European Union Security Research at the SEI

The provision of security - both external and internal - belongs to the traditional core function of states. The European Union's growing role in this domain is therefore one of the politically most difficult and academically most interesting and challenging areas of European integration. In their teaching and research Jörg Monar and Adrian Treacher address a wide range of security issues, from the fight against transnational crime within the EU, to external border security, and the EU's foreign, security and defence policies. With the borderlines between internal and external security becoming increasingly blurred - the fight against international terrorism being a major example - there is a growing and pressing need to understanding the EU's role as a security actor.

The agenda of the "security cluster" of the Sussex European Institute - which also involves other colleagues and PhD students - is pursued through four interrelated and interdisciplinary research themes:

(1) The analysis of the evolving nature of internal and external security challenges and their interrelationship (including "spill-over" effects between internal and external security and the securitisation of fields like illegal immigration);

(2) the evolution of national and EU institutional responses to these challenges (including the impact of national positions on the EU security agenda);

(3) specific trends and problems of EU governance in the security domain (including specific institutional features such as the role of the JHA special agencies or ESDP decision-making structures), and questions surrounding concepts like 'civilian power' and 'normative power').

(4) the strategic priorities and main patterns of action of the EU in cooperation with major international partners (United States, the European Neighbourhood Policy countries, the Russian Federation).

This research agenda is pursued through collaborative projects with a range of international partners including the European University Institute (Florence), the College of Europe (Bruges), the Institut d'Etudes Politiques (Paris), the Institute for Political Science of the University of Cologne and the Robert Schuman University (Strasbourg).
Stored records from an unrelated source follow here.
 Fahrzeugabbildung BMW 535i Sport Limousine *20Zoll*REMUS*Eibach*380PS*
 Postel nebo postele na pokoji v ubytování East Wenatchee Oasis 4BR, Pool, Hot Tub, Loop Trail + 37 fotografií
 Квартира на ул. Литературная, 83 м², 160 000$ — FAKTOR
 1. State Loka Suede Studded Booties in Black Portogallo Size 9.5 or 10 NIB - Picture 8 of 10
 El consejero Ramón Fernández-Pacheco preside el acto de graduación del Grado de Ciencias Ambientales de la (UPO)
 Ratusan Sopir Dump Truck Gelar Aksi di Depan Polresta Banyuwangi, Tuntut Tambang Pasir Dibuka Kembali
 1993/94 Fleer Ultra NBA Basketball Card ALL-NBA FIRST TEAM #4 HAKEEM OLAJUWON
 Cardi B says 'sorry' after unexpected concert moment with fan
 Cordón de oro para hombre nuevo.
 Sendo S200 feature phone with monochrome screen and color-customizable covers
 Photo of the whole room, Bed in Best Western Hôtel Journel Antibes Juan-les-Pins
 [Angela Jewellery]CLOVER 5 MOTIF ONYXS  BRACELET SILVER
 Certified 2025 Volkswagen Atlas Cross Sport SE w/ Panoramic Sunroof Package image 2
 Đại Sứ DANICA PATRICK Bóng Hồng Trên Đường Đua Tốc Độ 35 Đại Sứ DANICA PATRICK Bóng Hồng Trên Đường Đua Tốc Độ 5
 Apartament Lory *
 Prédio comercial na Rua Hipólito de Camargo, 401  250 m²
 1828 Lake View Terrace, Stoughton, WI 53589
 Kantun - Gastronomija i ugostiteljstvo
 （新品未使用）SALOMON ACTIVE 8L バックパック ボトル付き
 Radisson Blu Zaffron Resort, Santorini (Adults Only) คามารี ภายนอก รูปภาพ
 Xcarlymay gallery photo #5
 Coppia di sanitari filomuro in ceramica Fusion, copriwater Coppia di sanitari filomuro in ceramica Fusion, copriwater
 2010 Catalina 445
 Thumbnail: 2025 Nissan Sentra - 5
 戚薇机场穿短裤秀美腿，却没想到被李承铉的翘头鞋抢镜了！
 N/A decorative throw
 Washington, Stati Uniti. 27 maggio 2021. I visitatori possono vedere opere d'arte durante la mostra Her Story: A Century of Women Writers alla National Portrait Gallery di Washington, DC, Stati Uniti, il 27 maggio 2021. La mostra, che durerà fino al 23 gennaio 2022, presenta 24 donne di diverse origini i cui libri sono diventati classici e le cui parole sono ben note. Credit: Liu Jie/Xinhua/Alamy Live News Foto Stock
SEI staff have played an active role regarding the security issues covered by the EU-funded NEWGOV, CONNEX, CONSENT and SECURINT projects.

As part of the research on EU security policies Jörg Monar has been asked to provide advice to a range of national and EU institutions, including the British House of Lords, the German Bundestag, the European Parliament, the French Commissariat Général au Plan, the Dutch Scientific Council for Government Policy and the German Ministry of Interior. In addition to his work at Sussex, Adrian Treacher has taught on issues surrounding the EU as a global security actor in Poland, Slovenia and Turkey. He recently accepted an invitation to lecture to the UK's Joint Services Command Staff College. The SEI is also one of the two host institutions of the European Foreign Affairs Review (founded in 1996) which regularly covers EU external security issues from the JHA domain to military security aspects. Members of staff regularly participate in international conferences (such as ECPR, EUSA and UACES) and present parts of their work at research centres abroad (recently, for instance, at the universities of Barcelona, Columbia (NY), Georgetown, Munich (CAP), North Carolina (Chapel Hill), Sciences-Po, St.-Petersburg State University and Yale).